Data for this task:
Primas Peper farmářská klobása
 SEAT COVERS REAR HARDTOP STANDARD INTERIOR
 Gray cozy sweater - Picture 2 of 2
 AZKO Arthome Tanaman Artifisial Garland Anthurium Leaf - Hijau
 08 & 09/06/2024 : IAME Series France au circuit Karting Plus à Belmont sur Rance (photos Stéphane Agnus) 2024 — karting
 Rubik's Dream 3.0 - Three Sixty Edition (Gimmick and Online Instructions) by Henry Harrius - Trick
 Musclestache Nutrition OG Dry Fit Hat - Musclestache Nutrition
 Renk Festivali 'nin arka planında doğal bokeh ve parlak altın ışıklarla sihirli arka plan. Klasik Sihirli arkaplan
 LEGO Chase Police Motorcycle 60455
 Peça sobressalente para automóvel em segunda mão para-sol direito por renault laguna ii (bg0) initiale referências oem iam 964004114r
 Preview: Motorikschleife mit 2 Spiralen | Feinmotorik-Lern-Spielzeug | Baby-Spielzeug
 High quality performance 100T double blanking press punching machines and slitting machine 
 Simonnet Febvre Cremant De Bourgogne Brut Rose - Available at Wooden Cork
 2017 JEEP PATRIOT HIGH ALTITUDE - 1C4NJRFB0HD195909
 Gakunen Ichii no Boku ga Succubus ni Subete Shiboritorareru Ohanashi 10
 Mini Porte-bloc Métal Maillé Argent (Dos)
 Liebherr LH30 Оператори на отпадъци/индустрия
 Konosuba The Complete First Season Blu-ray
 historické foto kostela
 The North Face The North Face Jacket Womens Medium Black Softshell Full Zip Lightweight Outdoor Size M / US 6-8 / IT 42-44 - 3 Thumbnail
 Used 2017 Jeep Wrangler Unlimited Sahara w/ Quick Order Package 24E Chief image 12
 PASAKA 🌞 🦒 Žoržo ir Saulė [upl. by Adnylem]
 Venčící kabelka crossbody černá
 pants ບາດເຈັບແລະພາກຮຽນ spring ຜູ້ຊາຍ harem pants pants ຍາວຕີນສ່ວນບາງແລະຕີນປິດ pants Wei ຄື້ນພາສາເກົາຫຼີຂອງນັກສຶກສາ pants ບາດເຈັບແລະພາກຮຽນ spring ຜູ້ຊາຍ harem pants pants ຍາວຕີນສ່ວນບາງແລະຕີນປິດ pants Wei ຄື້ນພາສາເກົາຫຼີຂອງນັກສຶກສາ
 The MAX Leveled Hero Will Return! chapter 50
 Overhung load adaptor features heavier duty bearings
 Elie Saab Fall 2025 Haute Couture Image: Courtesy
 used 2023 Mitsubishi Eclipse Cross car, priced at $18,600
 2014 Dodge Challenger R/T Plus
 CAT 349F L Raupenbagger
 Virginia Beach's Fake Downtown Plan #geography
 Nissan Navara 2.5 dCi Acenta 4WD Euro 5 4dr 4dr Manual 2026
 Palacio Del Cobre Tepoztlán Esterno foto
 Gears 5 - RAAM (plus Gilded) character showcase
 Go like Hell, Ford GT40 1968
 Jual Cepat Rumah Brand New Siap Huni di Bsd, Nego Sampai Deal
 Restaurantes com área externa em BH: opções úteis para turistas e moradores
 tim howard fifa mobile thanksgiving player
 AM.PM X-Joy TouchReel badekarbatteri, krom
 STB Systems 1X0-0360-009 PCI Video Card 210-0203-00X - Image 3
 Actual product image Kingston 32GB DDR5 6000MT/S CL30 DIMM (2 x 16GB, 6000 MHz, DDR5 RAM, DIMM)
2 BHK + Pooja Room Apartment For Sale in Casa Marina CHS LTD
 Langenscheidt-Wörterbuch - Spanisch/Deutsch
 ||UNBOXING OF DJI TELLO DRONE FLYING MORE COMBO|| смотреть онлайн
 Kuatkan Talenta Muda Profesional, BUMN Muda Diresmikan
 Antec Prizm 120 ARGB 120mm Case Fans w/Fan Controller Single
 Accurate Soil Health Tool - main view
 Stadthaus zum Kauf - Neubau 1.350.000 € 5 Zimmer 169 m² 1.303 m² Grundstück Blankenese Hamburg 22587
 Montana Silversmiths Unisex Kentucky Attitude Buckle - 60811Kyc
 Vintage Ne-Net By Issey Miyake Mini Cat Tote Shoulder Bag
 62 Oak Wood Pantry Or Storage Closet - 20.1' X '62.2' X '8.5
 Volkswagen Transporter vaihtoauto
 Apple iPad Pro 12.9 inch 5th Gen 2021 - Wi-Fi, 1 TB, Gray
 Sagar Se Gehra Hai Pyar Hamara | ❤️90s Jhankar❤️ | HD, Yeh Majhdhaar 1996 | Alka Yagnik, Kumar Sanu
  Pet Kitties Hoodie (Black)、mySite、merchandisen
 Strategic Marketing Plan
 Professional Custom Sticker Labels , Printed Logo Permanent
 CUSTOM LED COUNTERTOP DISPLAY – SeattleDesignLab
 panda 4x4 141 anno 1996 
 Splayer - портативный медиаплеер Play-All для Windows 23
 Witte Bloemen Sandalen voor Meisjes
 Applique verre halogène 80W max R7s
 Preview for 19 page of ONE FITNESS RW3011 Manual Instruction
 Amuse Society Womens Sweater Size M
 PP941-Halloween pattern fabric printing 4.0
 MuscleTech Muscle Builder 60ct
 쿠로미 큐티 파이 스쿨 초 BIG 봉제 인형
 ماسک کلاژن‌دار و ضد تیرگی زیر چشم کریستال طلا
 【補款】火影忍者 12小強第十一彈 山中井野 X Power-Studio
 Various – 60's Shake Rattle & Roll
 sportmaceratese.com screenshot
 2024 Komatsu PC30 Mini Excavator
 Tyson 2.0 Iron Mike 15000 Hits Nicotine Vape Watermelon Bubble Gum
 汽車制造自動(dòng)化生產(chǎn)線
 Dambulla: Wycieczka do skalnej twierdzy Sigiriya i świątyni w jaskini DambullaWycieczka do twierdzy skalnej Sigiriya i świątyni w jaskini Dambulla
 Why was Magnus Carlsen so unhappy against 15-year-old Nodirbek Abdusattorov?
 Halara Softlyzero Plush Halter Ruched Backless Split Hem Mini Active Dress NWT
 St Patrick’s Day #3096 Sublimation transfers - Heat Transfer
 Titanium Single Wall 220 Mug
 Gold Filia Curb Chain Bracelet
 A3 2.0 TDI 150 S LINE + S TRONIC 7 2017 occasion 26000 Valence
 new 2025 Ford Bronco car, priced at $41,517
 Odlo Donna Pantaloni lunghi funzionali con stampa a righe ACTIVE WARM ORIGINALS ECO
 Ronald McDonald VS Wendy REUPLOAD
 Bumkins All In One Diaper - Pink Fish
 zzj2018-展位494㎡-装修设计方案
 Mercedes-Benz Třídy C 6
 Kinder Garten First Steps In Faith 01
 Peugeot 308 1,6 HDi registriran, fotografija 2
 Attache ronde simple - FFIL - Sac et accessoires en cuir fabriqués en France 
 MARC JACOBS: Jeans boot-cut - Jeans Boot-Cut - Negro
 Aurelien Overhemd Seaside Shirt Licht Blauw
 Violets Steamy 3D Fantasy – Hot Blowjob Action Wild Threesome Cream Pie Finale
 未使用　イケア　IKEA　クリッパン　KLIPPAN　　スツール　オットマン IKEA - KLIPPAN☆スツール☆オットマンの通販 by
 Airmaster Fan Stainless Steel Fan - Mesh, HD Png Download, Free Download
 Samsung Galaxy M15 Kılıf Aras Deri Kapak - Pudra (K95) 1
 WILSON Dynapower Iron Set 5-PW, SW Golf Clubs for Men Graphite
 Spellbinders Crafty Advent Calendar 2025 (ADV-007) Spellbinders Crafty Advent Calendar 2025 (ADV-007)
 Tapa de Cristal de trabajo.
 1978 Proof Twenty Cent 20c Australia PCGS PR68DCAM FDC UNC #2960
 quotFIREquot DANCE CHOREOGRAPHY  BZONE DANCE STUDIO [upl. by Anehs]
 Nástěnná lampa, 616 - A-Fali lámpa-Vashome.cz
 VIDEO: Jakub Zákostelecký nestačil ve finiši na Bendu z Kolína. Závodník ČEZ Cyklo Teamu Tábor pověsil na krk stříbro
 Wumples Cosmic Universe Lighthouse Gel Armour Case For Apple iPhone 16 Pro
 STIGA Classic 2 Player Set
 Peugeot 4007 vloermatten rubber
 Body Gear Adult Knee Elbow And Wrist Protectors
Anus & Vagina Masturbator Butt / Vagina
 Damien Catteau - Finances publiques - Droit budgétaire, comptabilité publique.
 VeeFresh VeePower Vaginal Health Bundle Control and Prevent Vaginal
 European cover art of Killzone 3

Task instructions: Reproduce every line of the material above that has the string "Gray".

Task answer:
 Gray cozy sweater - Picture 2 of 2
 Apple iPad Pro 12.9 inch 5th Gen 2021 - Wi-Fi, 1 TB, Gray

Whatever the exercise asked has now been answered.